───── Data excerpts

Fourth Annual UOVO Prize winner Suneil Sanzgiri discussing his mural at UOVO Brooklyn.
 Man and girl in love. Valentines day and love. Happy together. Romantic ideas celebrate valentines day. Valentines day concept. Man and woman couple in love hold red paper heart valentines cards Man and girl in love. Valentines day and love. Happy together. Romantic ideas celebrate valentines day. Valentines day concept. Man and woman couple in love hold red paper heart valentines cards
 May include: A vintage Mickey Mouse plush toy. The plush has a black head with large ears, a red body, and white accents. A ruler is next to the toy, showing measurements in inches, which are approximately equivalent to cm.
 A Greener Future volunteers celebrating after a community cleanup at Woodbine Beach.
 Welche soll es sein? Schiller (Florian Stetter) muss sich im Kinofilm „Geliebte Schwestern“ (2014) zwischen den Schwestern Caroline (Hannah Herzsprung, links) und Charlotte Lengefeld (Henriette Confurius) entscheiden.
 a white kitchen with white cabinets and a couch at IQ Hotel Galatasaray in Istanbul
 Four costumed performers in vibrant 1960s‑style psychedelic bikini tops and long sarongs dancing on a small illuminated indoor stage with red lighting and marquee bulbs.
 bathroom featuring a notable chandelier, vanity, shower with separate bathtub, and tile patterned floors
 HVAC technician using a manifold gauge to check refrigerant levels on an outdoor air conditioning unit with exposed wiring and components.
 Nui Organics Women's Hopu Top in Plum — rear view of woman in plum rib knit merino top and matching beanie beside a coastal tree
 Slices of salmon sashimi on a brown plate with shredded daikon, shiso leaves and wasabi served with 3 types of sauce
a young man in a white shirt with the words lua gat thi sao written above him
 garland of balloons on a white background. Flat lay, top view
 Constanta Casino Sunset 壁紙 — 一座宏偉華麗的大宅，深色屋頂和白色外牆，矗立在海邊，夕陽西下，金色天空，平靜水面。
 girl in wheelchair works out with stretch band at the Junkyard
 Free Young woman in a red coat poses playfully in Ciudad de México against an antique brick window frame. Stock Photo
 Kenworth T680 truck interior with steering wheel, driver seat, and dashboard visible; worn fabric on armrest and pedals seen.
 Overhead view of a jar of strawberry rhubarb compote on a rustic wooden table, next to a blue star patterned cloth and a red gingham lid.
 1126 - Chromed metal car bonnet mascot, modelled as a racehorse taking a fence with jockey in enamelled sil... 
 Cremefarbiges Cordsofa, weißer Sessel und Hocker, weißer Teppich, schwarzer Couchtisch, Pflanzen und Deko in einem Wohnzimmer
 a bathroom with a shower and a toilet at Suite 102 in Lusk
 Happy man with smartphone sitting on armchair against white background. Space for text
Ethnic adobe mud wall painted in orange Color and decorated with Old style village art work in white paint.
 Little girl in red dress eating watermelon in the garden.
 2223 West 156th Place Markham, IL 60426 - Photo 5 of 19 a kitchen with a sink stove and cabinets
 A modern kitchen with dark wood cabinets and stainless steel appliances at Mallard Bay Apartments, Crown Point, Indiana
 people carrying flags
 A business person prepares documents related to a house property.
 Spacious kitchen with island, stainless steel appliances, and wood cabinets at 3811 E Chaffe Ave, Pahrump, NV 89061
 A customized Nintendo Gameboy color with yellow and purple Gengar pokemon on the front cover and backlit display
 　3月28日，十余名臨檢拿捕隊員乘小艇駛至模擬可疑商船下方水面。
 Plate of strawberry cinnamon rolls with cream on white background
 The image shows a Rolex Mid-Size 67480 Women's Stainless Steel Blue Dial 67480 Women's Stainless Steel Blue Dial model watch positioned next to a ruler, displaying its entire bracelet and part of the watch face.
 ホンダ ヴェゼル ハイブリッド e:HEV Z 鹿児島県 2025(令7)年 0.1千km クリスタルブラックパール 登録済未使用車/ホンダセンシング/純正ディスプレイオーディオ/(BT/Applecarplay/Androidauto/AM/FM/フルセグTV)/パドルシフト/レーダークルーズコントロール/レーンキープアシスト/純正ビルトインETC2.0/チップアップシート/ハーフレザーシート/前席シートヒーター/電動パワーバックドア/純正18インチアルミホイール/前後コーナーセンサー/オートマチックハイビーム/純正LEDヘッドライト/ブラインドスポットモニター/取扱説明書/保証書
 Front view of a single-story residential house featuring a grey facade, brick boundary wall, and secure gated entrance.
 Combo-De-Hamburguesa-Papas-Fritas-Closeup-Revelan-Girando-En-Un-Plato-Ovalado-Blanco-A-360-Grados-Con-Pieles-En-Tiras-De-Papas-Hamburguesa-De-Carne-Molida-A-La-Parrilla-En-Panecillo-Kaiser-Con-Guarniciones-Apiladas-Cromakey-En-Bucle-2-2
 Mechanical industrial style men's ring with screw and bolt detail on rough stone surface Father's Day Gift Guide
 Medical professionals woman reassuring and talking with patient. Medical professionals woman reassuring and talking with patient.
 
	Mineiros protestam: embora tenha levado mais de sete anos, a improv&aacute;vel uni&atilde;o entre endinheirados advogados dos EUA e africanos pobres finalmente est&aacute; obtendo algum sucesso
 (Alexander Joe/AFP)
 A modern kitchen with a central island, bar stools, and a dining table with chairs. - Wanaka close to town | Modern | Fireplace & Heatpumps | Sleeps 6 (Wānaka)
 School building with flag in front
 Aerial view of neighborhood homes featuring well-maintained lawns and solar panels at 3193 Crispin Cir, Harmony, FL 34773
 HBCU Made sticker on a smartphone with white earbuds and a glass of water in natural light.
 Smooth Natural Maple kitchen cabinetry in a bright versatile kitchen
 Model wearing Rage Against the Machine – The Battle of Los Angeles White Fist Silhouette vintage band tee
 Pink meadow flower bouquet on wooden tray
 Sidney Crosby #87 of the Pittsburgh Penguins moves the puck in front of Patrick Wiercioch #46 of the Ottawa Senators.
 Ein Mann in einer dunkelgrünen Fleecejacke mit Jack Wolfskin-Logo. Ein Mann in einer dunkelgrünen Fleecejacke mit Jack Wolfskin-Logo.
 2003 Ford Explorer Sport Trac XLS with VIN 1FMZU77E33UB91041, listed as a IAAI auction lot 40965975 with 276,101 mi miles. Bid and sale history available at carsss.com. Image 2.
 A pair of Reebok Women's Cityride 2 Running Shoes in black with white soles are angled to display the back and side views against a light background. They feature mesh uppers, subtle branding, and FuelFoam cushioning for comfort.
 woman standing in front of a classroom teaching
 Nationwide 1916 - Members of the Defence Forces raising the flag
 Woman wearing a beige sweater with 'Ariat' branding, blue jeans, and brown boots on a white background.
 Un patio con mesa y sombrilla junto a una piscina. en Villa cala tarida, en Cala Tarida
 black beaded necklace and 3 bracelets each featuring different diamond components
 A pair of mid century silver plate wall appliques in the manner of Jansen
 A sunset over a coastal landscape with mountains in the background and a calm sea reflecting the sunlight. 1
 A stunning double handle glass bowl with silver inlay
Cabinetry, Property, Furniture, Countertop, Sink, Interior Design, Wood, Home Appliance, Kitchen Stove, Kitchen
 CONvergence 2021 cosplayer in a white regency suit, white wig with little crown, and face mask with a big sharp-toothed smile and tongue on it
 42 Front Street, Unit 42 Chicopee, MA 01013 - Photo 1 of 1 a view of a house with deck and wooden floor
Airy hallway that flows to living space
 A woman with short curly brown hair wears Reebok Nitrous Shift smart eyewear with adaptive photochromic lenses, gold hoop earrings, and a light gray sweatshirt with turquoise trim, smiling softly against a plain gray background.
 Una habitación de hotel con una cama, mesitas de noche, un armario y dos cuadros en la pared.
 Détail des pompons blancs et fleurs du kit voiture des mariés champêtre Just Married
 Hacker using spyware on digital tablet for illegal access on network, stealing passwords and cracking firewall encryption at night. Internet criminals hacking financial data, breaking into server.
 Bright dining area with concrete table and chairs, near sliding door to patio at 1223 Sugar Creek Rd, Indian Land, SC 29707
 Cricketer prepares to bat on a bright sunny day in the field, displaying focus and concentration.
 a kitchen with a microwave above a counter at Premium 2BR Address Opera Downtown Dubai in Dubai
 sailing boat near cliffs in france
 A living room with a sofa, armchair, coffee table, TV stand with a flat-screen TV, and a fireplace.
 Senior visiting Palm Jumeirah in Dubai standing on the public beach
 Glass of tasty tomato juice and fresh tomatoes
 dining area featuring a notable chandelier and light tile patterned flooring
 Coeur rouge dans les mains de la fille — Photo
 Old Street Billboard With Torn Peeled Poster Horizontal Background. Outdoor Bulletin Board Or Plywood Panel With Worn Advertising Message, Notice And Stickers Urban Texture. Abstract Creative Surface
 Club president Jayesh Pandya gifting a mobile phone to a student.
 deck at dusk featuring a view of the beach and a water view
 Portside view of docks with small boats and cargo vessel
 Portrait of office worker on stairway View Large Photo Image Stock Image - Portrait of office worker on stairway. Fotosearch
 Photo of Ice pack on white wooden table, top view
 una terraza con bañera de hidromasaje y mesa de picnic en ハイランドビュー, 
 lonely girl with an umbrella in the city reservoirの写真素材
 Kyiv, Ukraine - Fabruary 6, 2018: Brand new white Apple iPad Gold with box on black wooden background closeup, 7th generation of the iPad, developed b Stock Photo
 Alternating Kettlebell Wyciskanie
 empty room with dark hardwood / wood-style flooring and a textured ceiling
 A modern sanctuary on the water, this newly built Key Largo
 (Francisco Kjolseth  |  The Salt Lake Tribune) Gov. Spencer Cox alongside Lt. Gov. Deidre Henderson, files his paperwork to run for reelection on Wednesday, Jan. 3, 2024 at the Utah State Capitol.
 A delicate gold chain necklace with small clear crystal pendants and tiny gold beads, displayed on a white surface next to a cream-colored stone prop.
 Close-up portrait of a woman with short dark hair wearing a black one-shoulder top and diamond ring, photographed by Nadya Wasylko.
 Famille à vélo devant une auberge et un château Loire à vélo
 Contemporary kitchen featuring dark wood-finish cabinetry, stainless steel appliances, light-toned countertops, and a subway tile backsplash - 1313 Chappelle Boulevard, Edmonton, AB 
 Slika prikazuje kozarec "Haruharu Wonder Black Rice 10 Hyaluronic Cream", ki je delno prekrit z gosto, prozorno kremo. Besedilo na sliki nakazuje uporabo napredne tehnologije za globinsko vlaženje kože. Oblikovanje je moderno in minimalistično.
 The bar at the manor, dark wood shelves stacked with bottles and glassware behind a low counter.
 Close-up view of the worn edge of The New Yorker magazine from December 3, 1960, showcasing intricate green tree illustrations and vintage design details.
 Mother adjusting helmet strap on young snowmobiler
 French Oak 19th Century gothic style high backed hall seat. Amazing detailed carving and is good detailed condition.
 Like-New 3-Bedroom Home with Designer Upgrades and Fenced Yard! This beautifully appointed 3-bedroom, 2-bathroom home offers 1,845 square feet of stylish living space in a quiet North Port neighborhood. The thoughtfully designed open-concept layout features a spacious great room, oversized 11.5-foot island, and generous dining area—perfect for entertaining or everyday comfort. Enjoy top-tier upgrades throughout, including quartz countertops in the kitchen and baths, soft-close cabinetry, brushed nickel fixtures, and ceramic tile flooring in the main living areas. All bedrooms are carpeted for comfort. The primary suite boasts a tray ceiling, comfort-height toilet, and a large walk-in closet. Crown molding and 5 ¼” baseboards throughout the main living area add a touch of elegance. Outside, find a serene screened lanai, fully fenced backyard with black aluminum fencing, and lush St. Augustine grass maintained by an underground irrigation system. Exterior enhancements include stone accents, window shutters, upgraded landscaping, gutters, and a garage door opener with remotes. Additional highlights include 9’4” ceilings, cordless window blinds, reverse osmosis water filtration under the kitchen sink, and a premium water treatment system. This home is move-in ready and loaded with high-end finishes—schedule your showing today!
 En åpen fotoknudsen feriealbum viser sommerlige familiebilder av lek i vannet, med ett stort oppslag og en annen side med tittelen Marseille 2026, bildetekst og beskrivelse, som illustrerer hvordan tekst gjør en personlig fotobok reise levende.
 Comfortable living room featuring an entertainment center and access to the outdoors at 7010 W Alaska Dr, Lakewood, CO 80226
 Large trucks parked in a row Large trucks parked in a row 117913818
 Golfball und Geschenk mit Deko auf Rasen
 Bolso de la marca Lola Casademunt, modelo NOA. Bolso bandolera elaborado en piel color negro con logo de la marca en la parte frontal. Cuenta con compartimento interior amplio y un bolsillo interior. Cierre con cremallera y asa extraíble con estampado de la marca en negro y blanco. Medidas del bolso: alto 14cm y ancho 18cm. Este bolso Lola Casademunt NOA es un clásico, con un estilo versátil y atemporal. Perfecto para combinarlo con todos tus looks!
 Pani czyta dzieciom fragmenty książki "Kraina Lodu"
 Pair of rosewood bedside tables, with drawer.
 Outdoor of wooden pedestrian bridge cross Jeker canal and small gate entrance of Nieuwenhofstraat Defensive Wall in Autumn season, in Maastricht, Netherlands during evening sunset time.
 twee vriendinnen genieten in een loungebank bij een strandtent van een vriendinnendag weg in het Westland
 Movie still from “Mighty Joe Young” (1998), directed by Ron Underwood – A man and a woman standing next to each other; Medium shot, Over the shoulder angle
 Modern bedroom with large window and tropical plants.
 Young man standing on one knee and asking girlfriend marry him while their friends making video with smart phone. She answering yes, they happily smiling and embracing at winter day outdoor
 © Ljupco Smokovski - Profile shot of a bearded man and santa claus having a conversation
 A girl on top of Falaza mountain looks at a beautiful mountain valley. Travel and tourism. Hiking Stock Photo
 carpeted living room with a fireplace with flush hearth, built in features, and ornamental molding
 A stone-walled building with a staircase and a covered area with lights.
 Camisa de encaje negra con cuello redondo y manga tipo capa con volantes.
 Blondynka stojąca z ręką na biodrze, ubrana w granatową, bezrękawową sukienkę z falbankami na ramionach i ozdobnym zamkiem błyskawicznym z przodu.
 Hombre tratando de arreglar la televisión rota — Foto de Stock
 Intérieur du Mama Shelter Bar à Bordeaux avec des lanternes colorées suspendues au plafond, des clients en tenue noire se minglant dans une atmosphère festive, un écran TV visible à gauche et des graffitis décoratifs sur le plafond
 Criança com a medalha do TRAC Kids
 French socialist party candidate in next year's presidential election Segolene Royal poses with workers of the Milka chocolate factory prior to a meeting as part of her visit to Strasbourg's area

──────────

== The problem ==
List all lines in the material containing the string "seat".

== Solution to the problem ==
 Kenworth T680 truck interior with steering wheel, driver seat, and dashboard visible; worn fabric on armrest and pedals seen.
 French Oak 19th Century gothic style high backed hall seat. Amazing detailed carving and is good detailed condition.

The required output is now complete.